Now, on that Saturday morning seventeen years after Entebbe, Peres once again felt his nemesis was making claims on an achievement he regarded as his own. He ushered the two journalists out of his apartment and began writing a resignation letter. Meanwhile, Eini, the mediator, swung into action. He called Rabin to tell him about the crisis and get his permission to begin a kind of shuttle diplomacy.

In one of the many little ironies of their dysfunctional relationship, Peres and Rabin actually lived in the same neighborhood, just three blocks apart, in similar-style buildings. When his services were needed, Eini would park his car on Rav Ashi and walk back and forth between the two apartments offering bridging proposals, often in writing. If he needed to make a private call, perhaps to consult with another party member, he would stop at a phone booth situated midway between the two buildings. His appearance in the neighborhood signaled to journalists that the elders were fighting again. With his
long frizzy hair, wire-rim glasses, and Frank Zappa mustache, Eini looked like a member of a ’70s rock band but in a suit.

This time, however, Peres had been spending the day in Jerusalem, at the official residence of the foreign minister. Eini did most of the work by phone.

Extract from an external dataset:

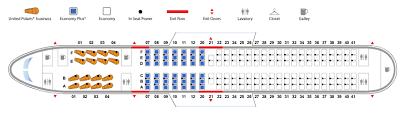 United Airlines Seating Chart Boeing 757-200 (752) | United Airlines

To the mediator it was clear that Rabin could not allow Peres to resign. At such a pivotal moment, it would tarnish the peace deal. But the two men had been competing for so long, both found it hard to view this collective achievement—the product of Peres’s chronically wide lens and Rabin’s rigorous focus on the details—as anything but a zero-sum game. When Rabin defeated Peres in the Labor primaries the previous year and won the general election, he had been determined to exclude him from any significant decision-making role. Only under pressure from party members did he relent and make him foreign minister.

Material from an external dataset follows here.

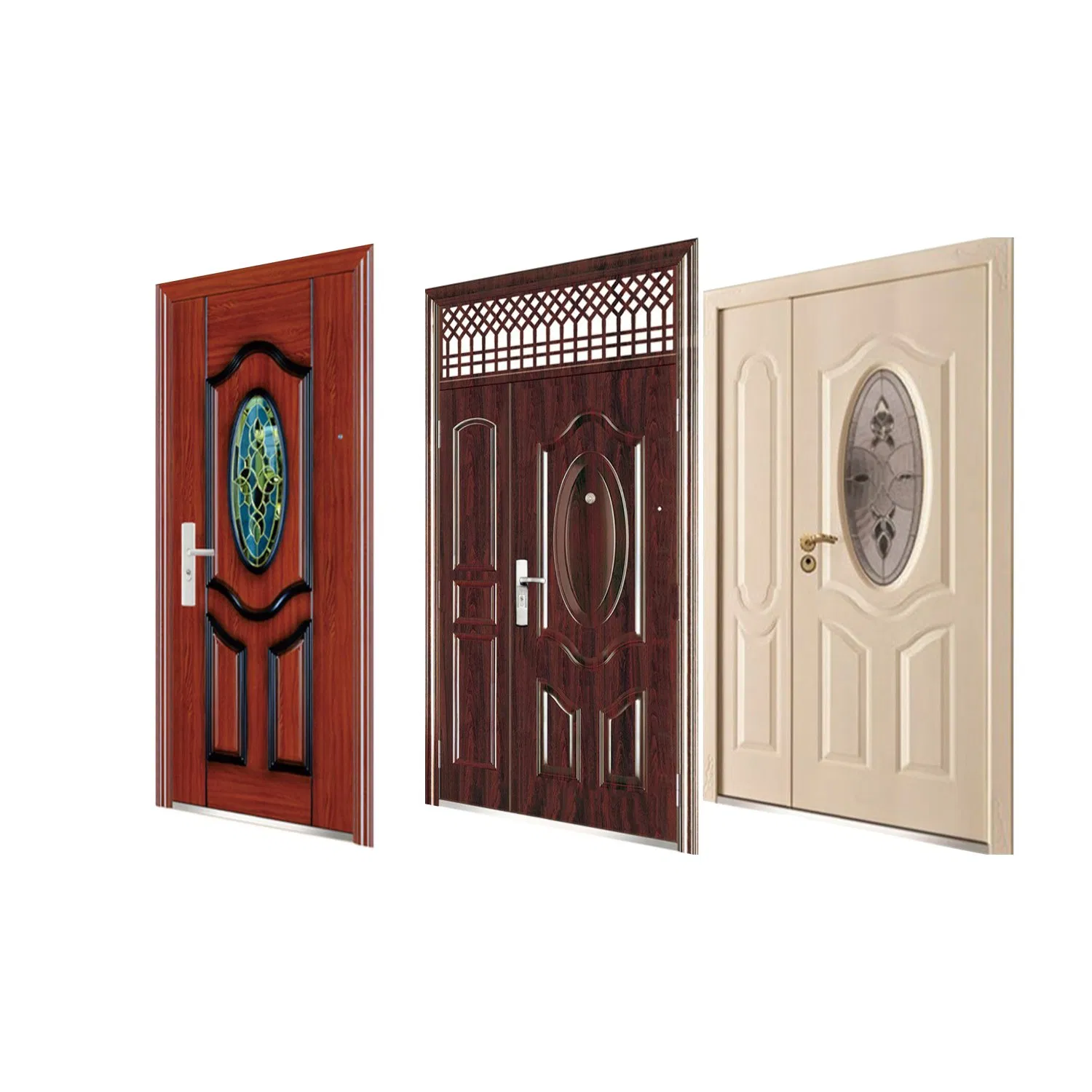 Tof Southeast Asia Glvanized Interior Wooden Moulded Doors Customized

For Peres, the need for public approval had grown with each electoral defeat—in the estimate of even his close supporters, to a compulsive degree. It was in fact Peres’s deputy, Yossi Beilin, who had initiated the contacts with the PLO. Beilin kept it a secret even from Peres until the sides had held two successful meetings and crafted the first draft of an agreement. If anyone should have complained about stolen recognition, it was Beilin. But Peres felt he had earned the credit by pressing Rabin at key moments. “I told him, if you go this way, you won’t have a better colleague than me. If you won’t go this way, you’ll have no greater opponent,” he recounted two decades later.

One way or another, by evening Eini managed to broker an agreement that had something for everyone. Both men would go to Washington. Both would stand on stage at the White House alongside Arafat and the PLO’s second-in-command, Mahmoud Abbas. The two deputies, Peres and Abbas, would sign the accord.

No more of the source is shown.